A circunstância de haver uma referência expressa aos fins de utilidade pública urbanística tem que ver, por um lado, com o facto de o âmbito do preceito dizer respeito à habitação, propondo-se a utilização da palavra urbanismo para dar melhor cobertura ao conteúdo normativo do artigo e, por outro lado, com o facto de a referência às expropriações surgir fundamentalmente para distinguir o diferente posicionamento dos poderes públicos em relação aos solos, em função da qualidade do seu proprietário, isto é, para distinguir os casos em que, de acordo com o princípio estrito de proporcionalidade, o Estado e as autarquias locais possam expropriar os solos para fins de utilidade pública urbanística apenas quando se revele necessário dos demais casos, em que os solos se mantêm na propriedade privada, mas em que, apesar de tudo, e como é óbvio, é necessário que os poderes públicos possam intervir, nomeadamente definindo as respectivas regras de ocupação, uso e transformação dos solos.

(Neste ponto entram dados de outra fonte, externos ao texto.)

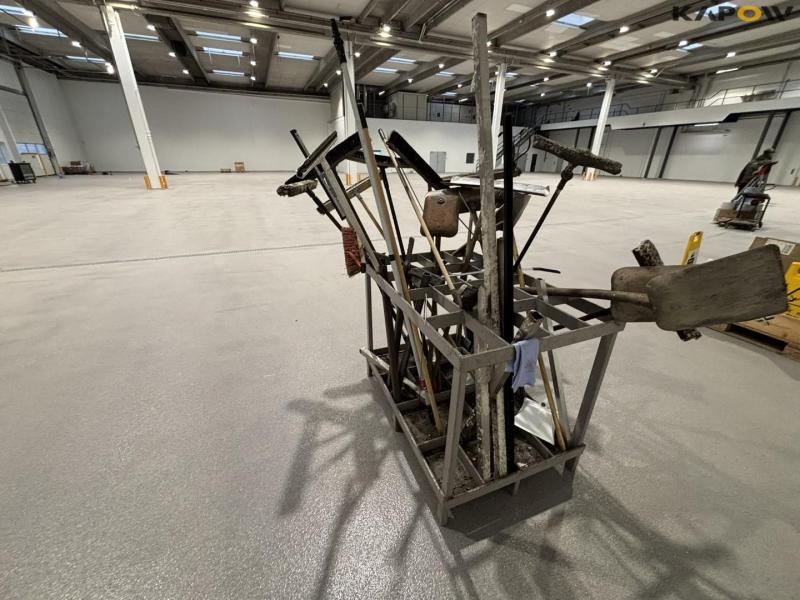 Redskabsholder med indhold 5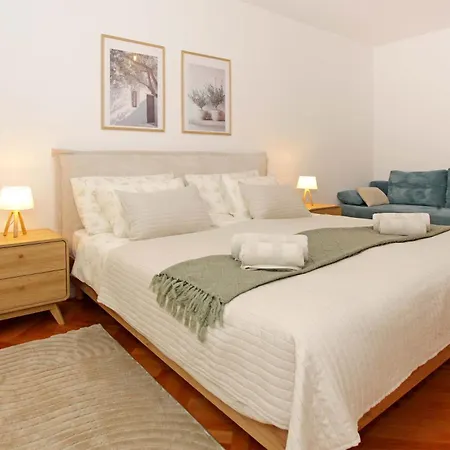 Two Bedroom Cozy Vimalu 斯普利特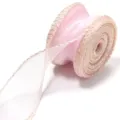Cinta de organza rosa con borde metálico dorado, ideal para envolver ramos y manualidades. - 10 Yardas/Paquete (4cm de Ancho) / Rosa Agua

Dado que isso é feito, em regra, através de instrumentos de planeamento, é importante que haja uma referência expressa a este nível para evitar que se questione a cobertura constitucional dos planos, designadamente dos planos urbanísticos, na medida em que se possa, eventualmente, interpretar que esses planos, de alguma forma, interferem com o direito de propriedade privada e, por essa razão, estariam na alçada da reserva de lei da Assembleia da República em matéria de direitos, liberdades e garantias e em particular dos de natureza análoga, entre os quais está o direito de propriedade privada.
Portanto, é importante que haja esta referência para haver uma cobertura constitucional expressa dessa intervenção, que aliás, julgo, é obviamente pacífica e não suscita quaisquer dúvidas.
Por outro lado, julgo que a redacção encontrada tem a virtualidade de não interferir em nenhuma polémica doutrinária, designadamente sobre a natureza jurídica do direito de construir ou da faculdade de construir, normalmente referenciado pelo jus aedificandi, porque, sem prejuízo da interpretação que cada um de nós possa fazer sobre esta matéria, obviamente, a expressão "definir as regras de ocupação, uso e transformação dos solos" não significa necessariamente uma opção clara do legislador constituinte no sentido de entender que o direito de construir é inerente ao direito de propriedade privada ou, no sentido inverso, de entender que o direito de construir é uma faculdade que apenas é conferida aos particulares pelos poderes públicos.